BALTIMORE (AP) -- Growing up in the city, Tia Solomon's friends from her hometown of Philadelphia didn't really know what park rangers do, so there were more than a few snickers when the 20-year-old sophomore said she had become one.

Her assignment: keeping watch over the front gate of Baltimore's historic Fort McHenry. The Temple University sophomore and musician who has mastered the viola and violin is part of a federal program that recruits students to guard historic sites.

Solomon said her friends "only think a park ranger is out chasing squirrels and riding a horse," but she was eager to sign up.

The National Park Service, facing a shortage of rangers, sought out Temple students to stand guard over the sites where U.S. history was made, such as Fort McHenry that protected Baltimore after the British burned Washington in the War of 1812. When the British attacked Baltimore, the battle inspired Francis Scott Key to write the words that would become the national anthem.

The four-year, paid internship program is called ProRanger Philadelphia. Temple students are also law enforcment rangers at the early English settlements in Virginia, the place where the Declaration of Independence was written in Philadelphia and at major battlefields of the Civil War, among other spots.
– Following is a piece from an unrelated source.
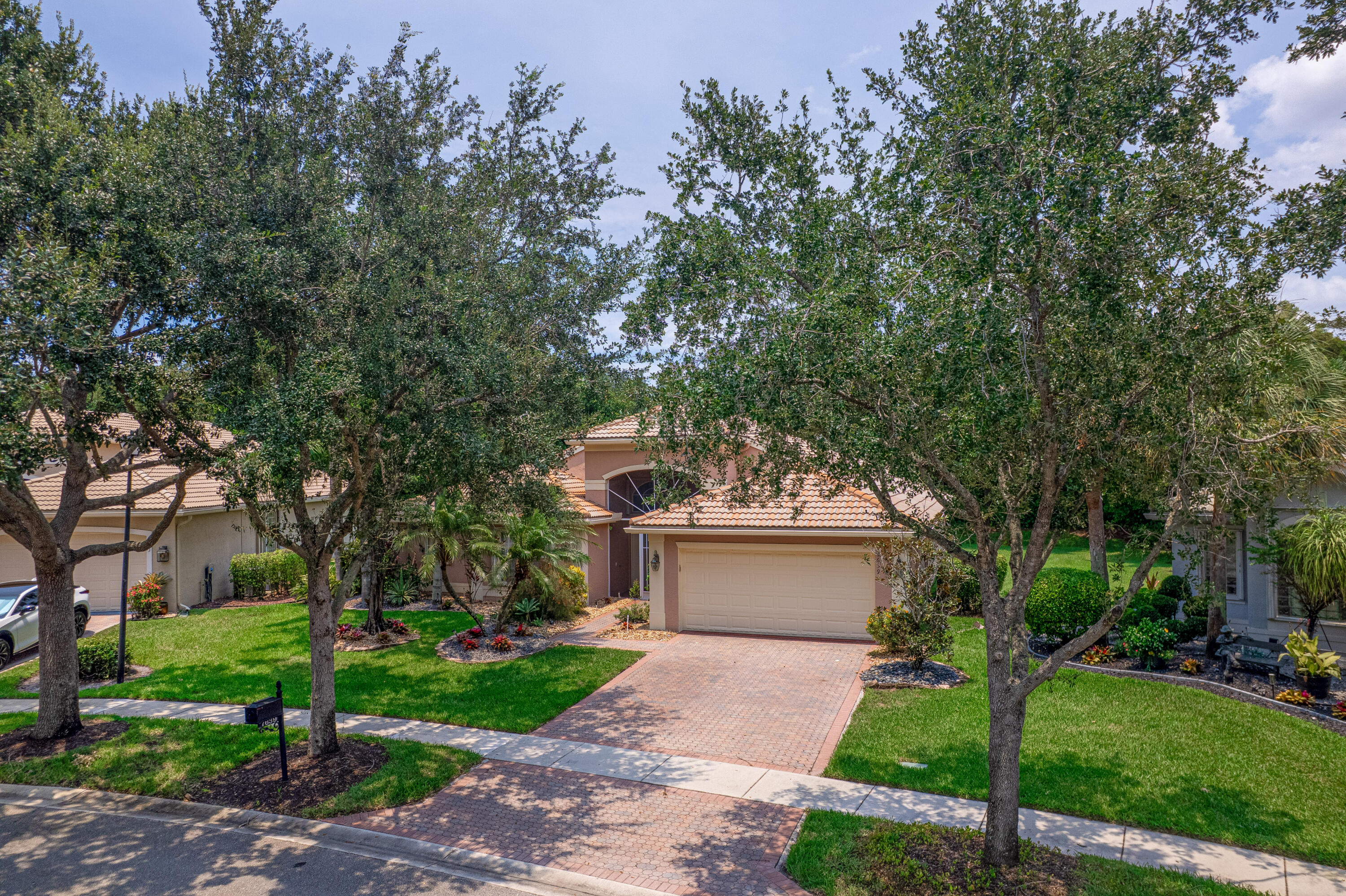 Valencia Shores - Residential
The internships are not permanent. Students can drop out at any time, but if they complete more training, they are fast-tracked to full ranger status. Solomon was drawn to the program during her freshman year because she wanted a realistic career path after spending many years focused on music.

"It's a big change," said Solomon, dressed in her full green and gray National Park Service uniform and ranger hat. "I'm in it for the long run. I really love law enforcement. I love helping people, and I love interacting with people."
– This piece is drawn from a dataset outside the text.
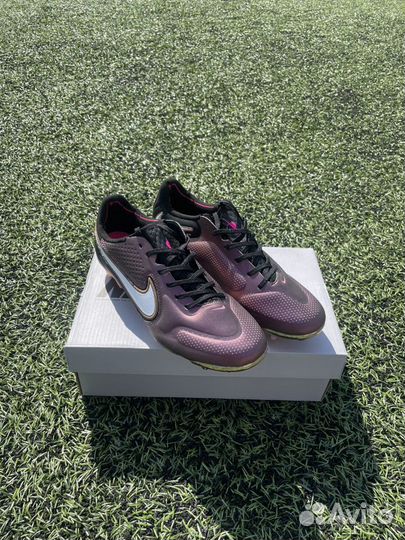 Футбольные бутсы Nike Tiempo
The park service has high turnover at urban sites because many recruits would rather move on to western parks, such as Yellowstone and Yosemite. Officials in the Northeast also faced the daunting realization that more than half their law enforcement rangers must quit in the next five years because of a mandatory retirement age of 57.

So overseers of parks from Maine to Virginia spent the past three years building a program with Temple to get a new crop of rangers. A similar program has begun in San Antonio for western parks.
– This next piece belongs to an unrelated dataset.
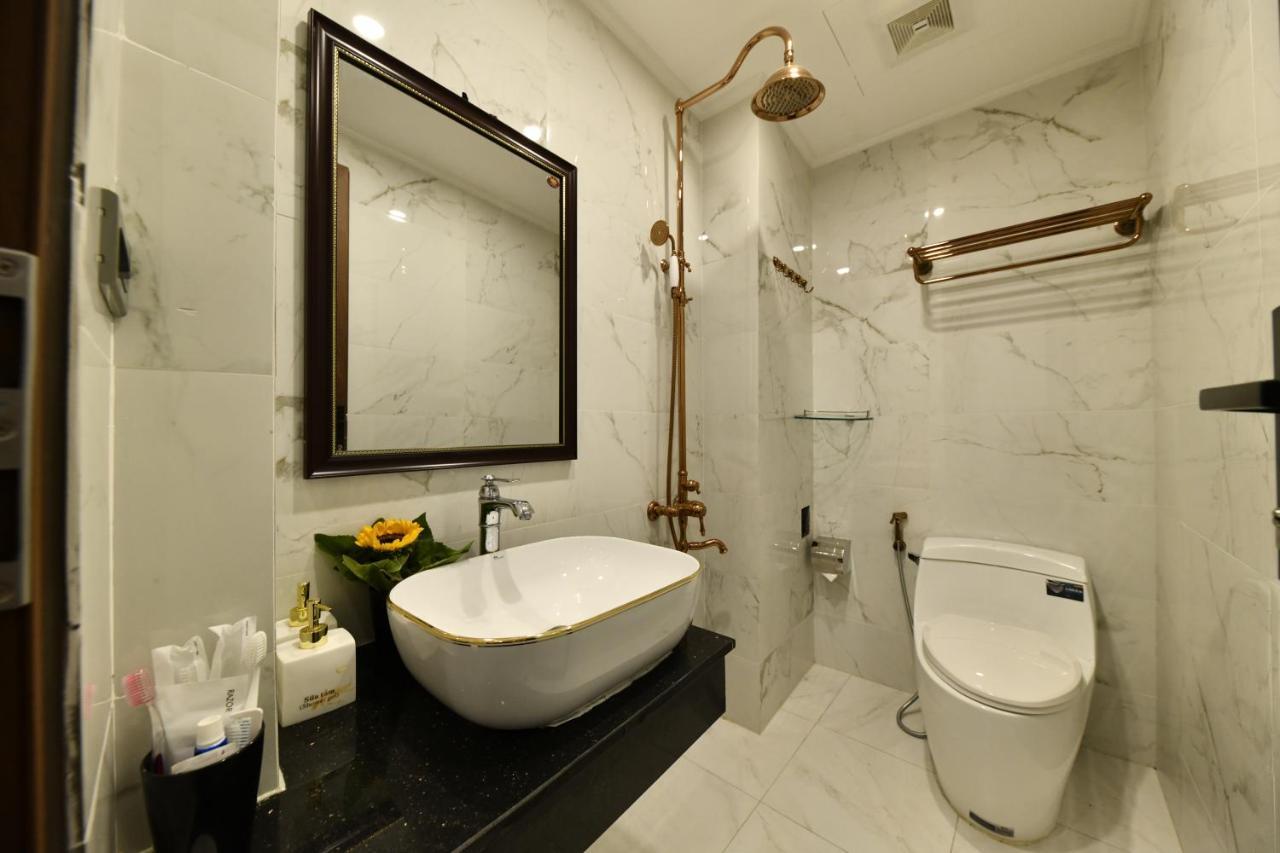 Kingdom 3* Hanoi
The first internship is followed with specialized classes, internships at different parks and eventually weeks at a federal law enforcement academy that will include firearms training. Each year, 12 new students will enter the program.

Rangers do a variety of tasks from investigating vandalism to directing traffic, issuing tickets and providing first aid. And some threats are more serious. On Memorial Day, a woman came to Fort McHenry with a knife, looking for the president.

Such federal jobs are hard to come by. Even a laid-off state trooper could have trouble getting hired, despite the staffing needs, because of the federal hiring process, said Stephen Clark, the law enforcement chief for the Northeast regional parks who created the intern program.

"These students, I don't think they understand the gift that has been given them," Clark said. "They're going to earn it, but here are these students coming out of college with a job opportunity ... making a very nice wage with enhanced retirement."

If all goes as planned, Solomon will be guaranteed a job as a law enforcement park ranger, a career that pays federal benefits and a salary from $33,000 up to $65,000 after years of service, depending on the location.

Temple was chosen for its nationally ranked criminal justice program and for its diversity, officials said. In the Northeast, more than 80 percent of rangers are white, and recruiting from a diverse, urban school means many students want to live in cities. Other schools could follow.

Students don't have to be justice majors to apply. The interns also can spend time working as interpreters and on maintenance and preservation projects. They also help manage large-scale events, such as first lady Michelle Obama's visit to Fort McHenry last month with her daughters -- and even an Aryan Nations rally this summer with counter-protesters at the Gettysburg Civil War battlefield.

For Owen McDaniel, 22, who recently graduated with a history degree, the internship meant steady employment when other graduates are struggling in the job market.

"When I was a kid, I wanted to be a park ranger, but it seemed like such an unrealistic thing to be," he said.

Now as a Fort McHenry intern, he can use his history degree to help protect and explain the historic site.

"You can just kind of paint the picture of the battle," McDaniel said. "You can see where the British ships were coming in. You can see where they were bombarding. It really gets the visitors excited."